Upon receiving the blend control command BLC including the "selection command" sent from the control unit 190, the blend processing unit 138 sends the signal ABD sent from the analog broadcast processing unit 131 to the analog processing unit 140 as a signal BPD ( See Figure 3). As a result, "analog broadcasting" is selected as the broadcasting to be reproduced and output.

In this embodiment, even when "analog broadcasting" is selected for playback output broadcasting, the control unit 190 sends a mute command MUC to the mute unit 134 to the effect that mute processing is not performed. It has become. Further, the control unit 190 gives a signal selection control command to the signal selection unit 137 to select the signal DMD sent from the mute unit 134 when "analog broadcasting" is selected for the reproduction output broadcasting. It is designed to send SSL.

<Blend control processing>
Next, the "blend control process" when switching between the audio reproduction of digital broadcasting and the audio reproduction of analog broadcasting by the control unit 190 will be described.

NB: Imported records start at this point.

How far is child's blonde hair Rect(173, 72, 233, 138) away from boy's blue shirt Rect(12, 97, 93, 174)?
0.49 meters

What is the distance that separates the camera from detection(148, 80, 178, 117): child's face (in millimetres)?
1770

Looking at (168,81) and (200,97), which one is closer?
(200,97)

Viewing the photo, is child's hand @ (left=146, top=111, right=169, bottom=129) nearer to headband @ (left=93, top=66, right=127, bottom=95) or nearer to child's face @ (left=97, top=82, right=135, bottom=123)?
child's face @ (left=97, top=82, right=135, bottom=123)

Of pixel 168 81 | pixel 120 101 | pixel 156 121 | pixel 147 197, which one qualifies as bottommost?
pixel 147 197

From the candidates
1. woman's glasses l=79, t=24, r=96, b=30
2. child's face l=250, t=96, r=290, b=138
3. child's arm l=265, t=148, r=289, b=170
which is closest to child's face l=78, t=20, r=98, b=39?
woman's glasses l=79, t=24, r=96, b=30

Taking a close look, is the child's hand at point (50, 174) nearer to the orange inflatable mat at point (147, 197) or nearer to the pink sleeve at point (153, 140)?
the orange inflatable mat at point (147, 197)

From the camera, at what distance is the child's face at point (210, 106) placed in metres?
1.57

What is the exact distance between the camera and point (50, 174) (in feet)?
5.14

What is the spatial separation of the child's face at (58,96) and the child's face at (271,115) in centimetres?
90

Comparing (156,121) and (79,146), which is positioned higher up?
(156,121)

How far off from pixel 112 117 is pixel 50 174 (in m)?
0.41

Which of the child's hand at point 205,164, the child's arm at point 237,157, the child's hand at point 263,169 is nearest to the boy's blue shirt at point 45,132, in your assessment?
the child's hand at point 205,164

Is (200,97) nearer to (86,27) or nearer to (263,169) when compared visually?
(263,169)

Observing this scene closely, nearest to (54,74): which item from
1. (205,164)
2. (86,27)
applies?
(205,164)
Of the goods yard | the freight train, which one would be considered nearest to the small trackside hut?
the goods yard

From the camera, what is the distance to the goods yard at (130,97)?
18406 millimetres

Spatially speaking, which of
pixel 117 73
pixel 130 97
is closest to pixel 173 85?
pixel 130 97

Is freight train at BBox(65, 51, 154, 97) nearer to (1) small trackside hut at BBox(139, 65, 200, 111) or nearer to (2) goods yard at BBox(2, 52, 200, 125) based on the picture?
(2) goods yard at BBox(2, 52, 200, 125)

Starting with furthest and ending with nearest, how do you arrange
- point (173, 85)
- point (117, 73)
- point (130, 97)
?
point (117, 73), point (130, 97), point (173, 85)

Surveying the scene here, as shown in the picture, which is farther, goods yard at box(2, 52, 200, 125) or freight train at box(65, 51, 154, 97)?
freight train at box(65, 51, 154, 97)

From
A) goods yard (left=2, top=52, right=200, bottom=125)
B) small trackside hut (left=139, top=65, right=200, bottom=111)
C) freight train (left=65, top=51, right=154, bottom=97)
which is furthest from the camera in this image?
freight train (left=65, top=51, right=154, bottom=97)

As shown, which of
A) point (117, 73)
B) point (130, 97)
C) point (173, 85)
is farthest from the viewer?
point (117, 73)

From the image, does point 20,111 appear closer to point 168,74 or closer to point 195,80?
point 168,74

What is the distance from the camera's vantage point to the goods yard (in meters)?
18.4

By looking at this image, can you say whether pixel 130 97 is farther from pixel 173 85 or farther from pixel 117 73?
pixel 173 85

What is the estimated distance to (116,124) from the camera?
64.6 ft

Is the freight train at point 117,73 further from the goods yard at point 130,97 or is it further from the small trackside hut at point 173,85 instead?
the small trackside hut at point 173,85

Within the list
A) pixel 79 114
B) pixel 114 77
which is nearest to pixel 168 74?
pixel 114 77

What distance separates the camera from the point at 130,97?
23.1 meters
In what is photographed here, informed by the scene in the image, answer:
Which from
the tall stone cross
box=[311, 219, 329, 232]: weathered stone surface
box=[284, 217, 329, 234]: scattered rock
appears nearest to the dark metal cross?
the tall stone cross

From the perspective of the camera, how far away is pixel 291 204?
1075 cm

In such "blend control processing", the selection signal is switched from the signal DAD in which the control unit 190 has selected "digital broadcasting" as the reproduction output broadcasting to the signal ABD, or " It is determined whether or not it is necessary to switch the selection signal from the signal ABD in which "analog broadcast" is selected for the reproduction output broadcast to the signal DAD. If the result of the determination is positive, the control unit 190 first calculates the absolute value of the difference between the time average of the level value ALV and the time average of the level value DLV. Subsequently, the control unit 190 derives a "switching period" based on the calculated absolute value of the difference. Then, the control unit 190 generates a blend control command BLC including a "selection command" and a derived "switching period" that specify the broadcast of the switching destination, and sends the blend control command BLC to the blend processing unit 138.

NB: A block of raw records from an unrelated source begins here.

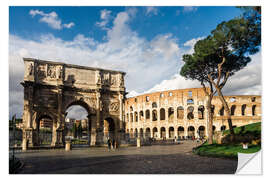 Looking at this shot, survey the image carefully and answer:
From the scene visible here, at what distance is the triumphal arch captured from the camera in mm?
18312

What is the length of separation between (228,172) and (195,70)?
12.0m

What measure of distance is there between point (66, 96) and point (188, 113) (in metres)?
28.6

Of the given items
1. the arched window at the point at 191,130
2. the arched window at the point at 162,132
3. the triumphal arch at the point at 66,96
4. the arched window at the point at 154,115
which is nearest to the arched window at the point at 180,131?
the arched window at the point at 191,130

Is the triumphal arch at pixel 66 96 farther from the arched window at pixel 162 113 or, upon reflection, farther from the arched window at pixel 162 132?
the arched window at pixel 162 113

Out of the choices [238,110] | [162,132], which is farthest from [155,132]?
[238,110]

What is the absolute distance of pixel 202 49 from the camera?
15.9 m

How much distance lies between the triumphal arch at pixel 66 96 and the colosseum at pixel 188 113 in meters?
19.5

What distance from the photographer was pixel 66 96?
2009 cm

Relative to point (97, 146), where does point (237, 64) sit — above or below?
above

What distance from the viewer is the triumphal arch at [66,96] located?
18.3 meters

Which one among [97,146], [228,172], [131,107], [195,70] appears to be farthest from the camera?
[131,107]

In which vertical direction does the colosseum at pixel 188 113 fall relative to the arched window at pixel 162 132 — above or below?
above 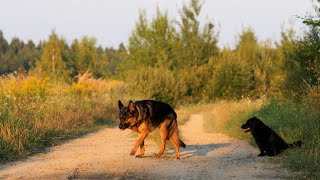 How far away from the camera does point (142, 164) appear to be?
8.85 m

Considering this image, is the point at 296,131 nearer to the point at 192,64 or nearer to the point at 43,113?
the point at 43,113

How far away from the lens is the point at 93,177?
7.58 meters

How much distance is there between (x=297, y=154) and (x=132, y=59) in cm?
2837

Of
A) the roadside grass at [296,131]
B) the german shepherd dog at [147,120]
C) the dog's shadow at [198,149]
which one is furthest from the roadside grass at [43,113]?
the roadside grass at [296,131]

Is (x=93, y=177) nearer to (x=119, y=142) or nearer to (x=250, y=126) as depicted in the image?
(x=250, y=126)

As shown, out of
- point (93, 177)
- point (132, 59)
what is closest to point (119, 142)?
point (93, 177)

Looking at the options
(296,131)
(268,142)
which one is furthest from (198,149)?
(296,131)

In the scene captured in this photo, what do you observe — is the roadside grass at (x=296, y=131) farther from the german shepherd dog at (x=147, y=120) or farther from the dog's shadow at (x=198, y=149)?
the german shepherd dog at (x=147, y=120)

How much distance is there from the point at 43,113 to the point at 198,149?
573 centimetres

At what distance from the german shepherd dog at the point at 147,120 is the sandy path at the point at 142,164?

Here, the "switching period" becomes longer as the difference between the time average of the level value ALV and the time average of the level value DLV is larger. Then, the derivation relationship of the switching period based on the difference is predetermined based on experiments, simulations, experiences, etc. from the viewpoint of not giving the user a sense of discomfort when switching the broadcast audio signal. ..

Upon receiving the blend control command BLC sent from the control unit 190, the blend processing unit 138 receives the blend control command BLC, and based on the "selection command" and the "switching period" included in the blend control command BLC, in the switching period, before switching. A signal in which the signal before switching and the signal after switching are mixed by changing the mixing ratio of the signal from "1" to "0" and changing the mixing ratio of the signal after switching from "0" to "1". Generate BPD. Then, the blend processing unit 138 completes the switching of the broadcast audio signal at the end of the switching period. As a result, the blend processing unit 138 switches the broadcast audio signal from the signal ABD to the signal DAD, or switches the broadcast audio signal from the signal DAD to the signal ABD over a switching period (see FIG. 3).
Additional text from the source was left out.